Ворча, Эмиль достал из шкафа плащ, подал его вставшему с места другу и принудил себя иронически улыбнуться.

— Вот тебе мой турецкий кинжал, который я вчера купил, — сказал Родерих, закутываясь в плащ. — Спрячь его; такой серьезный предмет не годится держать при себе для забавы, ибо никогда нельзя предвидеть, до каких бед он может довести в случае ссоры или других неприятных неожиданностей; завтра мы увидимся, будь здоров и весел.

Он не дождался ответа и быстро спустился вниз по лестнице.

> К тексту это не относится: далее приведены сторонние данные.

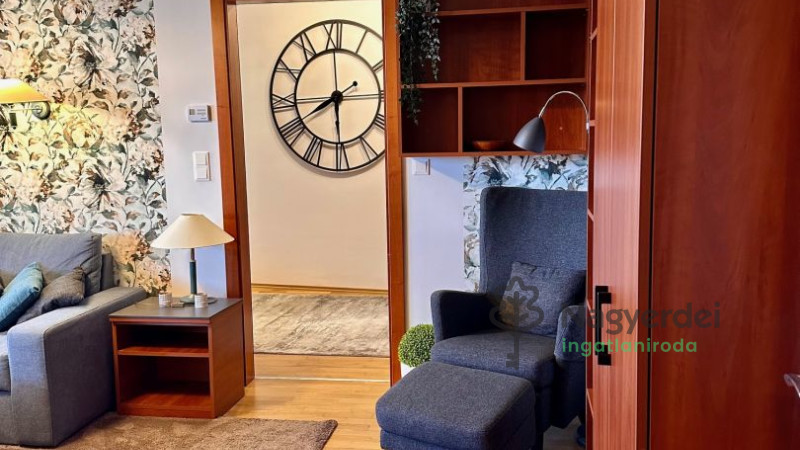 Debrecen, Bem tér, Lakás, tégla lakás  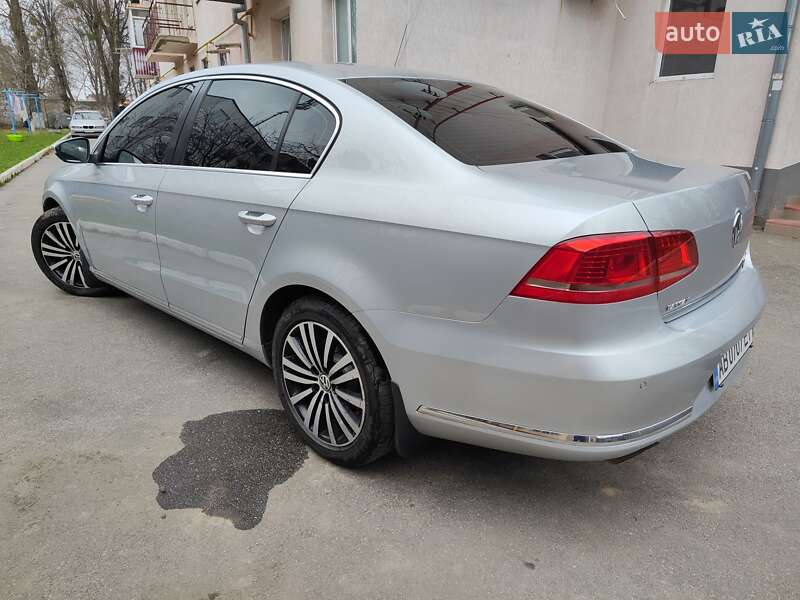 Седан Volkswagen Passat 2011 в Виннице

Оставшись один, Эмиль постарался забыть свой гнев и найти в поведении друга смешные стороны. Он осмотрел блестящий, прекрасной работы кинжал и сказал:

— Каково должно быть человеку, который вонзает эту острую сталь в грудь противника или, что еще ужаснее, ранит любимое существо? — Он спрятал кинжал, затем осторожно растворил ставни окна и выглянул в узкий переулок. Но нигде не мелькнуло огня, в доме напротив было темно; дорогая ему девушка, жившая там и обычно занимавшаяся в это время домашними делами, очевидно, ушла из дому. «Быть может, она даже на балу, — подумал Эмиль, — хоть это и не подходит к замкнутому образу ее жизни». Но вдруг показался свет, и девочка, с которой любимая им незнакомка не разлучалась, с которой она и днем, и вечером все время возилась, пронесла через комнату свечу и притворила ставни. Осталась светлая щель, достаточная для того, чтобы Эмиль мог со своего места обозревать часть небольшой комнаты. Нередко, счастливый, стоял он там далеко за полночь как зачарованный и следил за каждым выражением лица возлюбленной. Он с удовольствием наблюдал, как она учила девочку читать или давала ей уроки шитья и вязания. Из расспросов он узнал, что малютка — бедная сирота, которую прелестная девушка из жалости взяла к себе на воспитание. Друзья Эмиля не могли понять, почему он жил в этом узком переулке, в неудобном доме, почему он так мало бывает в обществе и чем он занят. Безо всякого дела, в одиночестве, он был счастлив, недовольный лишь собой и своим нелюдимым характером, тем, что не решался искать более близкого знакомства с этим прелестным существом, хотя она несколько раз в течение дня любезно раскланивалась и отвечала на его приветствия. Он не знал, что и она с таким же упоением следит за ним, и не подозревал, какие желания рождались в ее сердце, на какие трудности и на какие жертвы она чувствовала себя способной, лишь бы вызвать его любовь.